First-generation bromodomain extra-terminal protein (BETP) inhibitors (BETi) (e.g., OTX015) that disrupt binding of BETP BRD4 to chromatin transcriptionally attenuate AML-relevant progrowth and prosurvival oncoproteins. BETi treatment induces apoptosis of AML BPCs, reduces in vivo AML burden and induces clinical remissions in a minority of AML patients. Clinical efficacy of more potent BETis, e.g., ABBV-075 (AbbVie, Inc.), is being evaluated. Venetoclax and A-1210477 bind and inhibit the antiapoptotic activity of BCL2 and MCL1, respectively, lowering the threshold for apoptosis. BETi treatment is shown here to perturb accessible chromatin and activity of enhancers/promoters, attenuating MYC, CDK6, MCL1 and BCL2, while inducing BIM, HEXIM1, CDKN1A expressions and apoptosis of AML cells. Treatment with venetoclax increased MCL1 protein levels, but cotreatment with ABBV-075 reduced MCL1 and Bcl-xL levels.

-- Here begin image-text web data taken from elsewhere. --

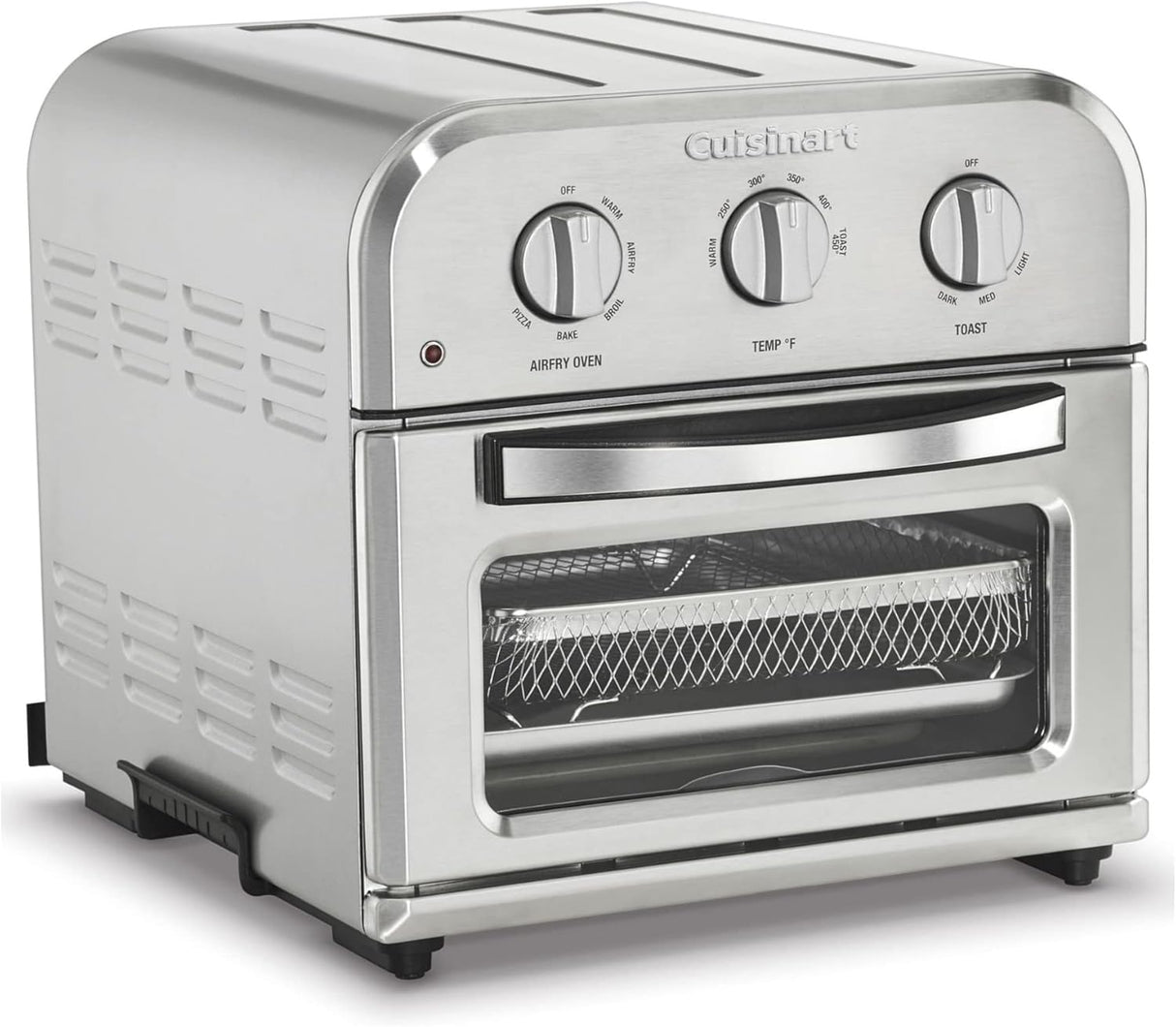 Horno Tostador Cuisinart TOA-26, 6 en 1, 1800W, Compacto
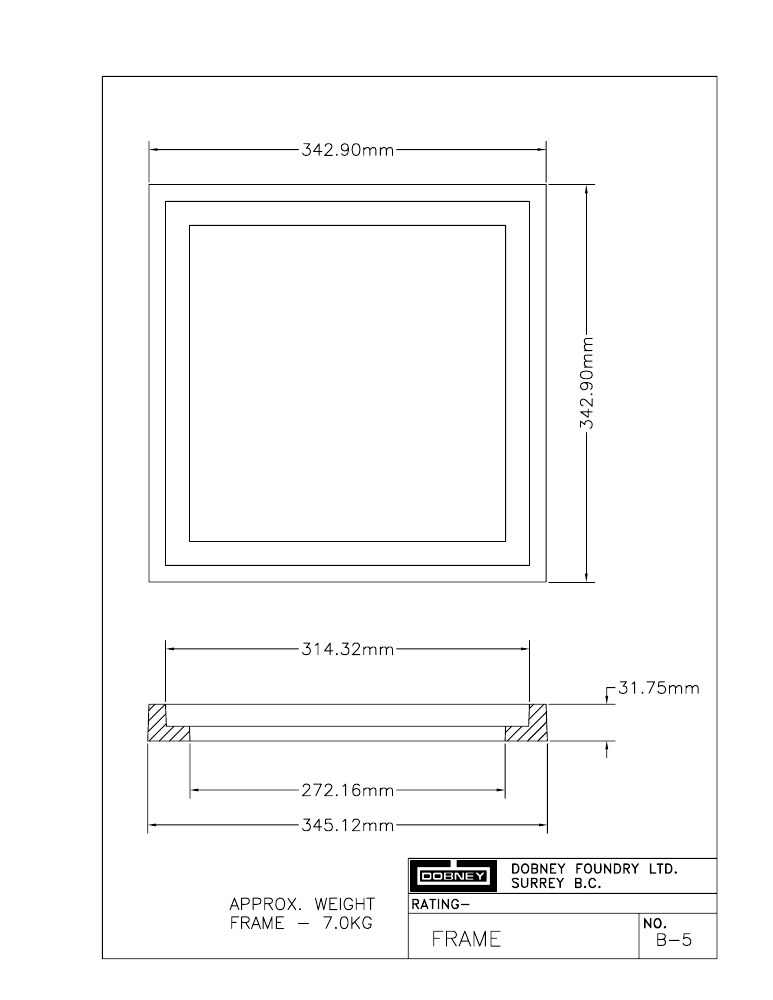 Technical drawing: Frame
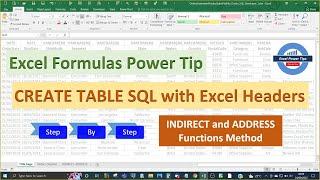 CREATE TABLE SQL using Excel Headers (useful for postgreSQL)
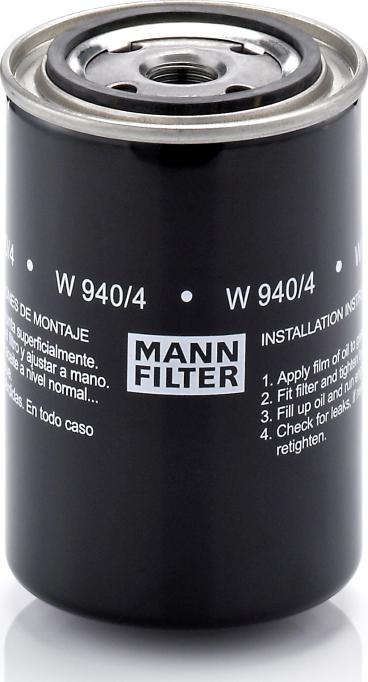 Mann-Filter W940/4 - Eļļas filtrs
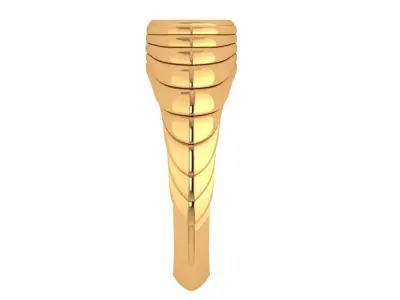 Marquise Diamond Gents Ring 3D print model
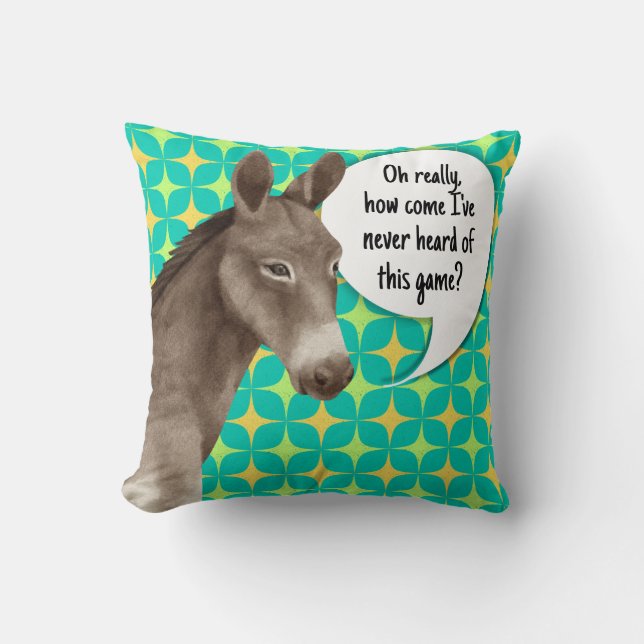 Coussin Humorous Greeting (Recto)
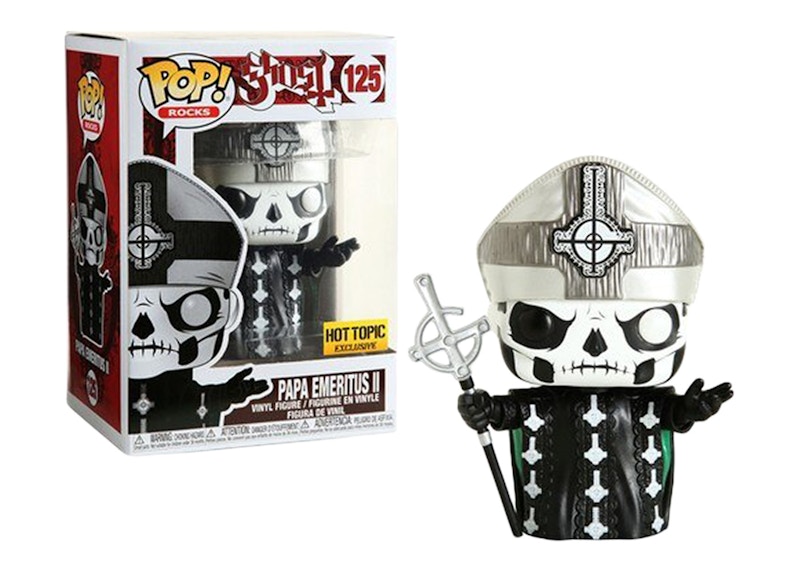 Funko Pop! Rocks Ghost Papa Emeritus II Hot Topic Exclusive Figure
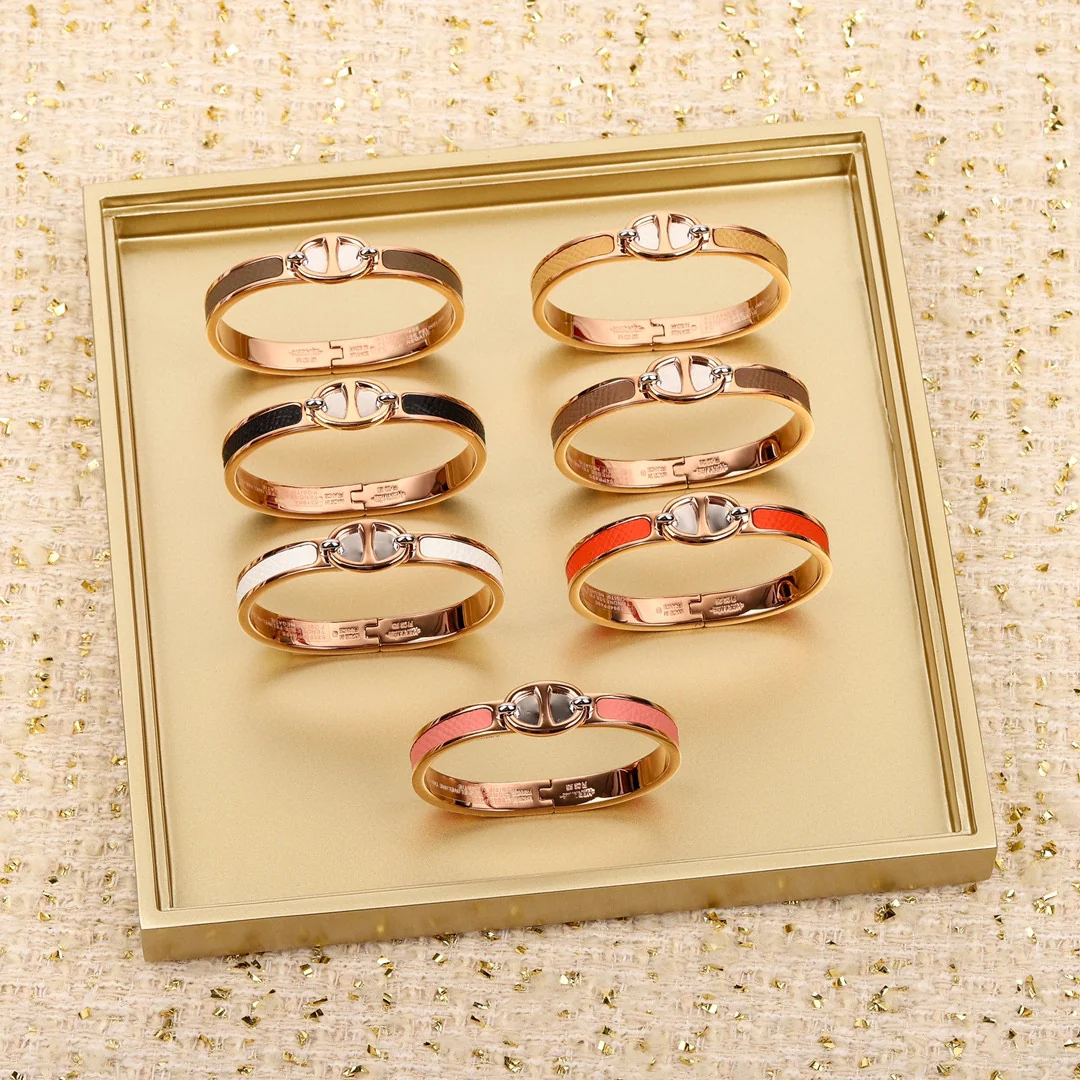 HMS014 Pig Nose Cowhide surface Bangle Bracelet - ccjewelryacc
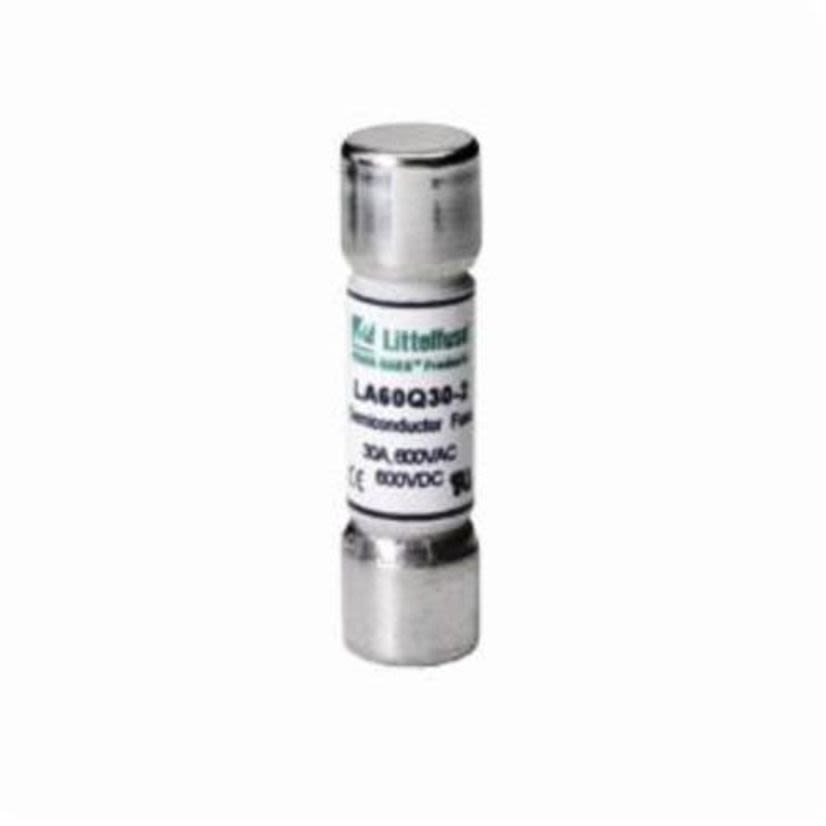 Littelfuse® POWR-GARD® LA60Q20-2 Very Fast Acting High Speed Semiconductor Fuse, 20 A, 600 VAC/VDC, 200/100 kA Interrupt, Class: G, Cartridge Body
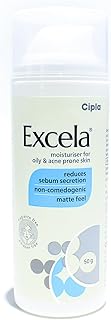 Cipla Excela Moisturiser for Oily &amp; Acne Prone Skin, 50g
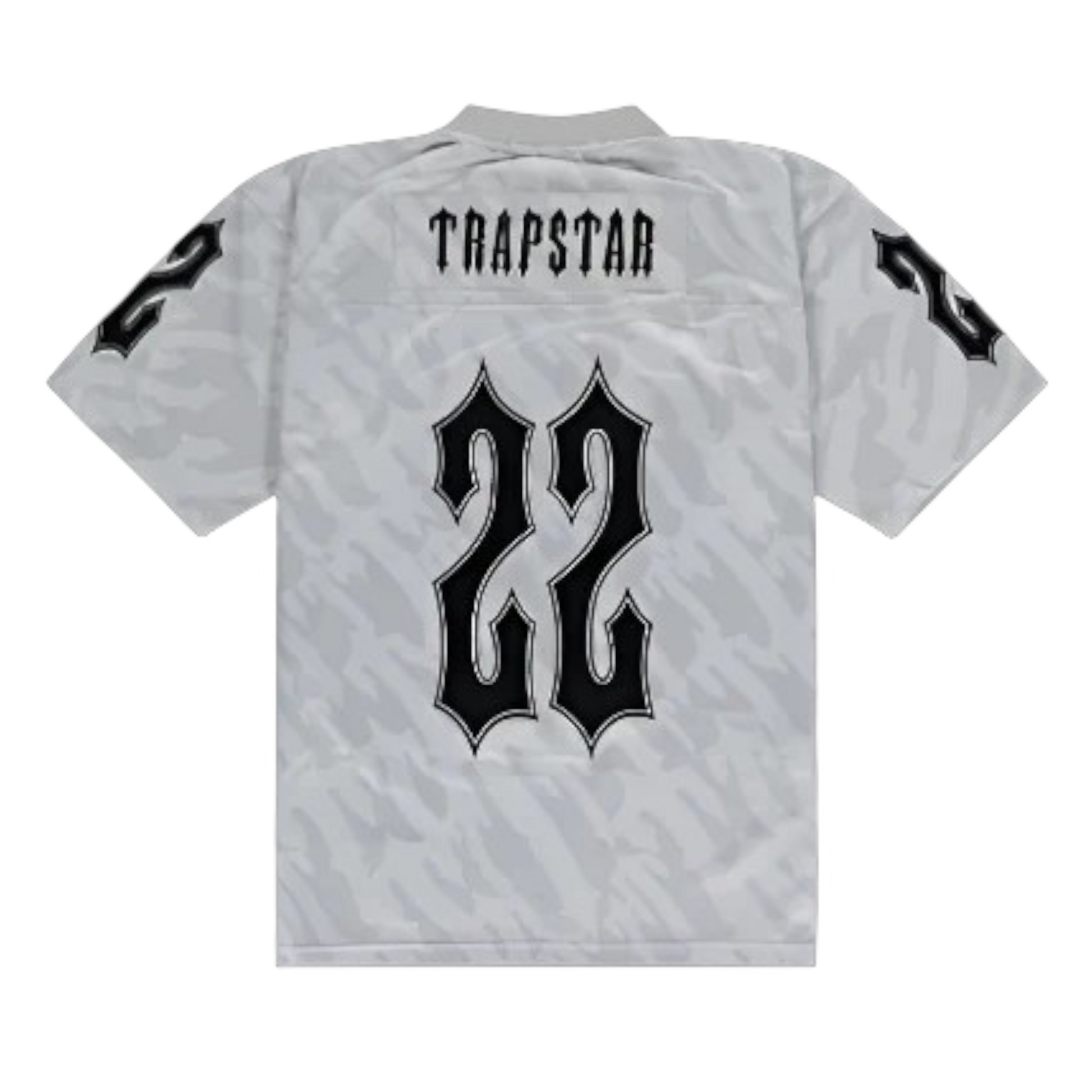 Trapstar x NFL Mitchell & Ness '22 Football Jersey Grey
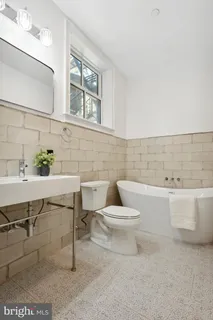 a bathroom with a toilet a sink and a bathtub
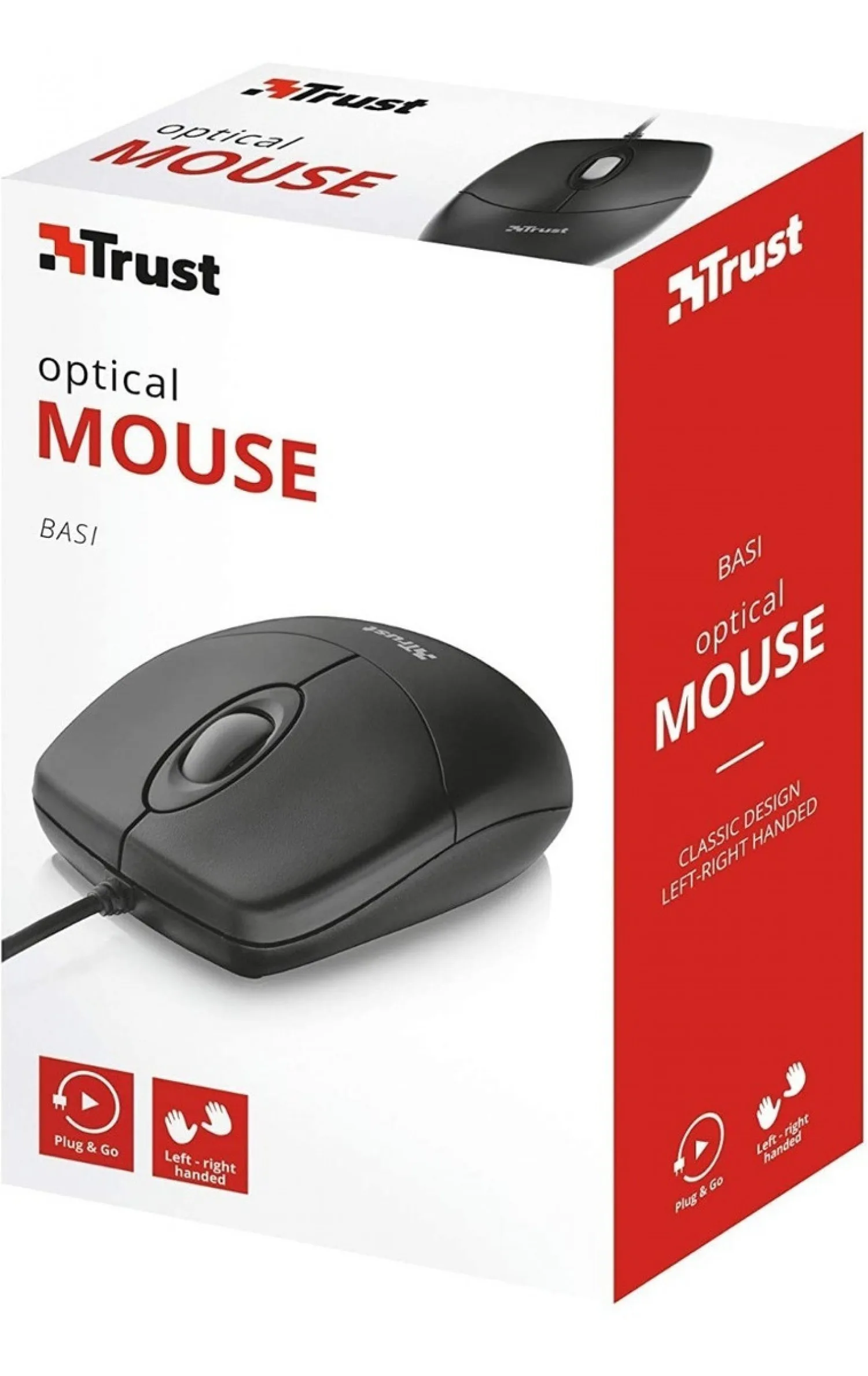 MOUSE TRUST BASI WIRED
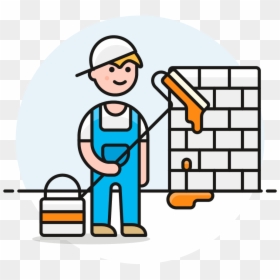 Icon Image Creator Pushsafer Send Push Notifications - Building Painter Icon, HD Png Download - cartoon building png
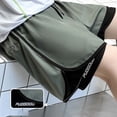 thumbnail image 2 of oqasdz Boy Shorts with Compression Liner Children's Summer Workout Running Shorts for Kids Solid Color Breathable Outdoor Bottoms,Grey, 2 of 6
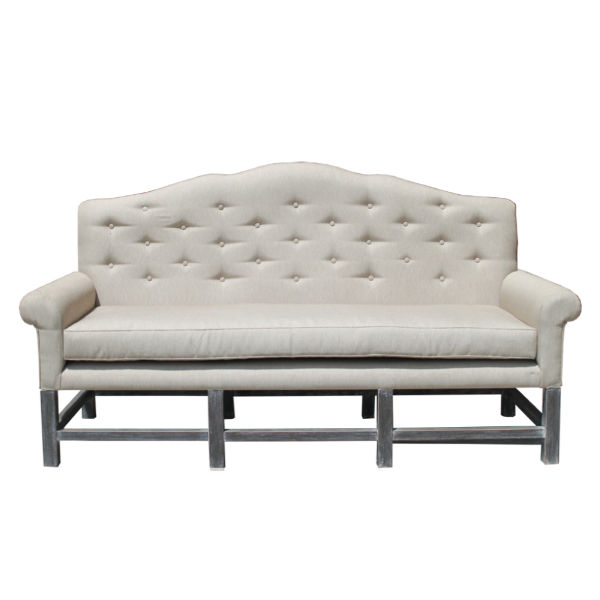 S144 – Sofa 3 Seater MAHOGANY FABRIC Cushion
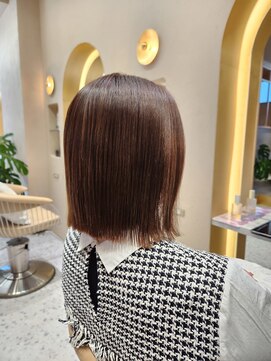 プアメリア 名古屋(Puamelia) ボブ外ハネボブくびれボブタッセルボブ切りっぱなしボブウルフ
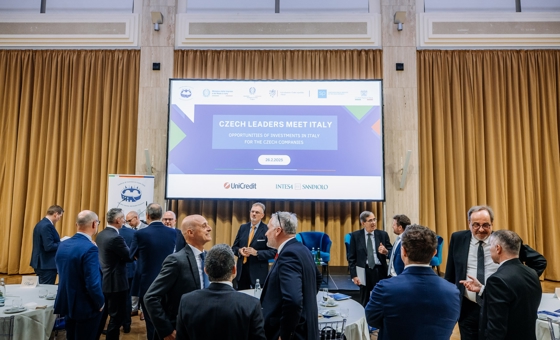 Sala evento di Praga 2025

ABBV-075 cotreatment synergistically induced apoptosis with venetoclax or A-1210477 in patient-derived, CD34+ AML cells. Compared to treatment with either agent alone, cotreatment with ABBV-075 and venetoclax was significantly more effective in reducing AML cell-burden and improving survival, without inducing toxicity, in AML-engrafted immune-depleted mice. These findings highlight the basis of superior activity and support interrogation of clinical efficacy and safety of cotreatment with BETi and BCL2 or MCL1 inhibitor in AML.

摘要

第一代溴结构域末端蛋白(BETP)抑制剂(BETi)(例如 OTX015)可破坏 BETP BRD4 与染色质的结合,从而转录性地抑制与 AML 相关的促生长和抗凋亡癌蛋白。BETi 治疗可诱导 AML BPC 凋亡,减少体内 AML 负担,并在少数 AML 患者中诱导临床缓解。更有效的 BETi,例如 ABBV-075(AbbVie,Inc.)的临床疗效正在评估中。Venetoclax 和 A-1210477 分别结合并抑制抗凋亡蛋白 BCL2 和 MCL1 的活性,从而降低细胞凋亡的阈值。本研究显示 BETi 治疗可扰乱可及染色质和增强子/启动子的活性,从而抑制 MYC、CDK6、MCL1 和 BCL2,同时诱导 BIM、HEXIM1、CDKN1A 的表达和 AML 细胞凋亡。Venetoclax 治疗增加了 MCL1 蛋白水平,但 ABBV-075 联合治疗降低了 MCL1 和 Bcl-xL 水平。ABBV-075 联合 venetoclax 或 A-1210477 在患者来源的 CD34+AML 细胞中协同诱导凋亡。与单独使用任一药物相比,ABBV-075 和 venetoclax 联合治疗可更有效地降低 AML 细胞负荷并改善生存,而不会在 AML 移植免疫缺陷小鼠中引起毒性。这些发现突出了其优越活性的基础,并支持在 AML 中联合使用 BETi 和 BCL2 或 MCL1 抑制剂的临床疗效和安全性的研究。